If you are the library author, the same overhead applies inside the library you are benchmarking: every cross-module call within its source goes through the same getter wrapper. If you are benchmarking your own library, you have two ways to remove this:

Benchmark the pre-built artifact. Import the library through its package name (which resolves to its built output) instead of reaching into its source. The built file has already collapsed internal imports into direct references, so Vite's module runner sees a single module with no internal getters:

ts
// BAD: every internal call inside the library goes through a getter
import { parse } from '../src/index.ts'

// GOOD: the published entry has no internal getters
import { parse } from 'my-library'

If you compare your library against other packages, benchmark the same kind of artifact for every implementation. For workspace packages, make sure the package name resolves to the built output instead of source, for example by externalizing the package in Vite or by importing from dist.

Disable the module runner for the benchmark. If the benchmark does not need Vite transforms, mocks, or Vitest module interception, disable experimental.viteModuleRunner for the benchmark project so Node runs native ESM directly.

This only affects Node.js mode. Browser mode uses native ESM imports and does not have this overhead.

Engine-Specific Considerations

V8 (Node.js, Chrome)

  • JIT tiering: V8 compiles functions through multiple optimization tiers (Sparkplug → Maglev → TurboFan). A function may run at different speeds during warmup vs. steady-state. Tinybench handles warmup automatically, but very short benchmark runs may not reach the highest optimization tier.

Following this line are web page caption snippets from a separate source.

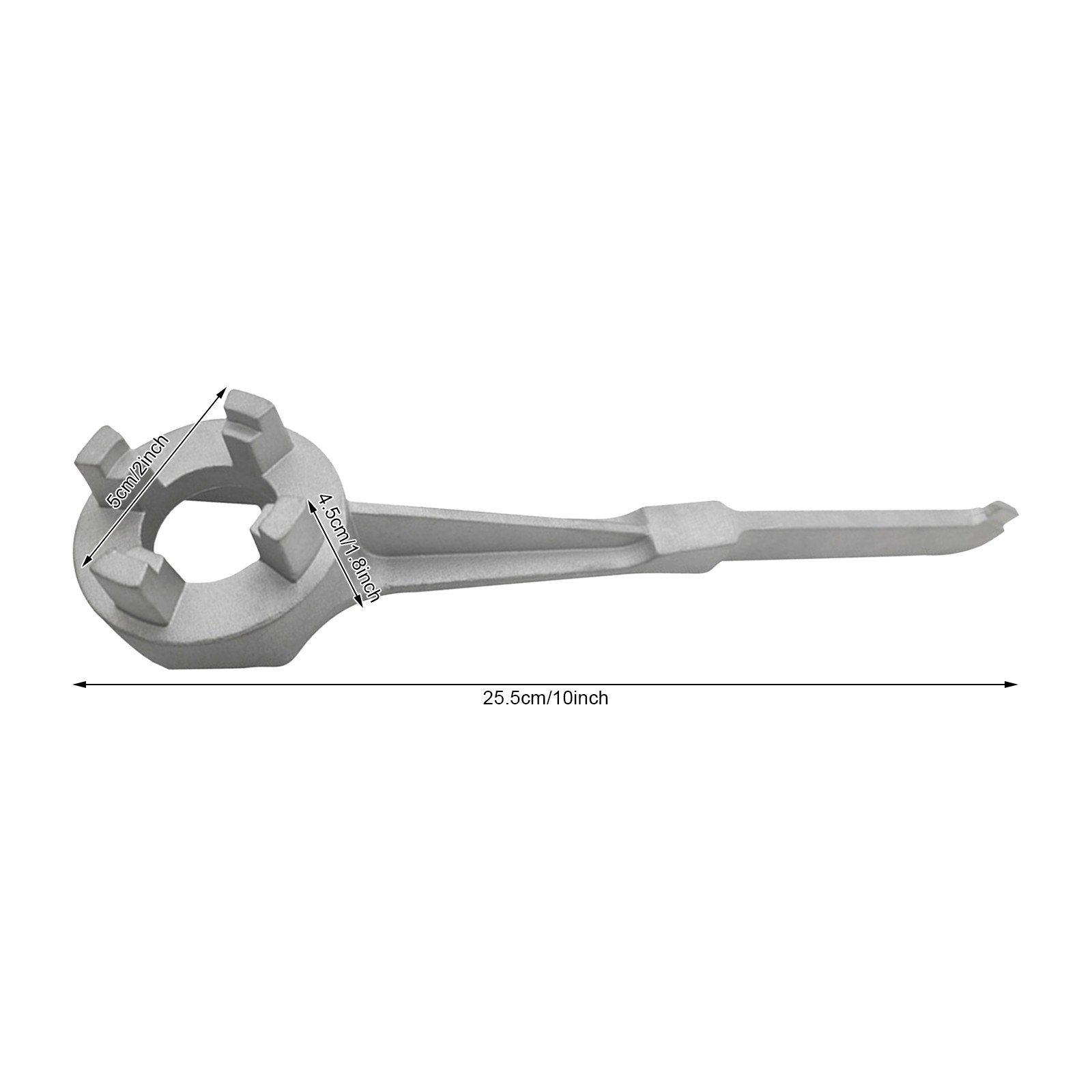 10 Inch Aluminum Bung Wrench 0.4 Lbs Dual Head Drum Cap Tool For 2″ & 3/4″ Caps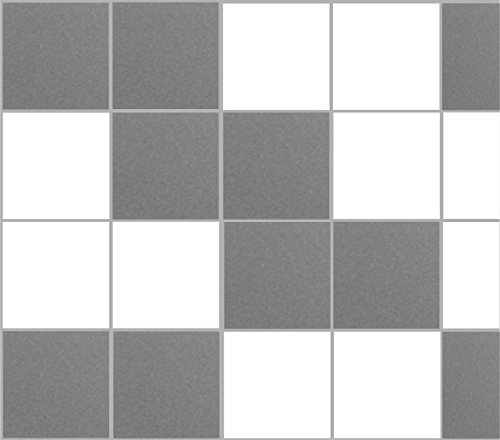 Meilleur FR Stickerkoenig Stickers autocollants Décoration pour Carrelage 15 x 15 cm Salle de Bain Cuisine 20–300 Pièces Quantité et en 28 couleurs au choix, gris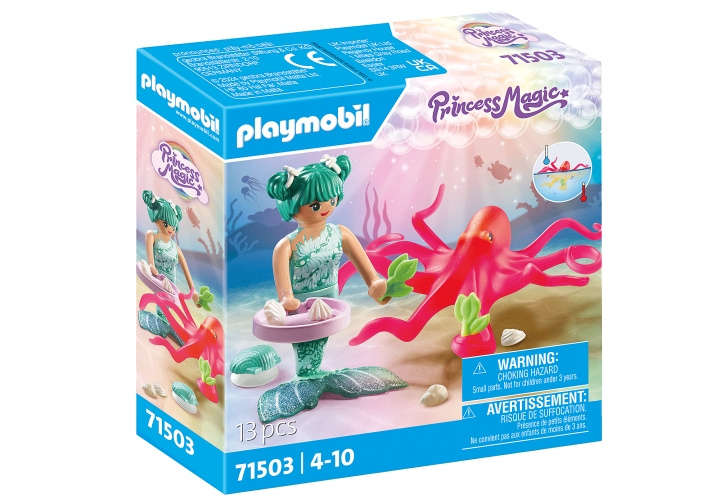 Playmobil Sjöjungfru med färgskiftande bläckfisk (71503) i gruppen LEKSAKER, BARN- & BABYPRODUKTER / Leksaker / Lekset hos TP E-commerce Nordic AB (C86032)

  • Deoptimization: V8 can "bail out" of optimized code mid-benchmark if it encounters unexpected types or shapes. Keep the types consistent in your benchmark function:

    ts
    test('process items', async ({ bench }) => {
      // BAD: mixed shapes cause deoptimization
      await bench('process', () => {
        for (const item of items) {
          // some items have { name: string }, others have { name: string, id: number }
          process(item)
        }
      }).run()
    
      // GOOD: consistent object shapes
      await bench('process', () => {
        for (const item of items) {
          // all items have the same shape { name: string, id: number }
          process(item)
        }
      }).run()
    })
  • Garbage collection: Large allocations inside the benchmark loop add GC noise. If you're measuring computation, pre-allocate data in a setup hook rather than inside the benchmarked function:

    ts
    test('sorting', async ({ bench }) => {
      const original = Array.from({ length: 10000 }, () => Math.random())
      let data: number[]
    
      // BAD: allocates a new array every iteration, GC adds noise
      await bench('sort', () => {
        const data = Array.from({ length: 10000 }, () => Math.random())
        data.sort()
      }).run()
    
      // GOOD: pre-allocate, copy in beforeEach
      await bench(
        'sort',
        () => { data.sort() },
        {
          beforeEach() {
            data = [...original]
          },
        },
      ).run()
    })

JavaScriptCore (Bun, Safari)

  • Different optimization thresholds: JSC uses its own JIT tiers (LLInt → Baseline → DFG → FTL) with different inlining and optimization heuristics. A benchmark that is fast on V8 may behave very differently on JSC.
  • Async benchmarks: Bun's event loop implementation differs from Node.js. If your benchmark involves async operations or timers, results may not be directly comparable across runtimes.

Browser

  • Timer resolution: Browsers may reduce performance.now() precision (e.g., to 100μs or even 1ms) as a security mechanism. This makes very fast operations difficult to measure accurately, so increase iterations to compensate:

    ts
    test('fast operations', async ({ bench }) => {
      await bench.compare(
        bench('fast-op', () => { fastOp() }),
        bench('other-op', () => { otherOp() }),
        {
          // more iterations help overcome low timer resolution
          iterations: 1000,
        },
      )
    })
  • Cross-browser differences: V8 (Chrome), SpiderMonkey (Firefox), and JSC (Safari) optimize different patterns differently. A benchmark that shows one library winning in Chrome may show the opposite in Firefox.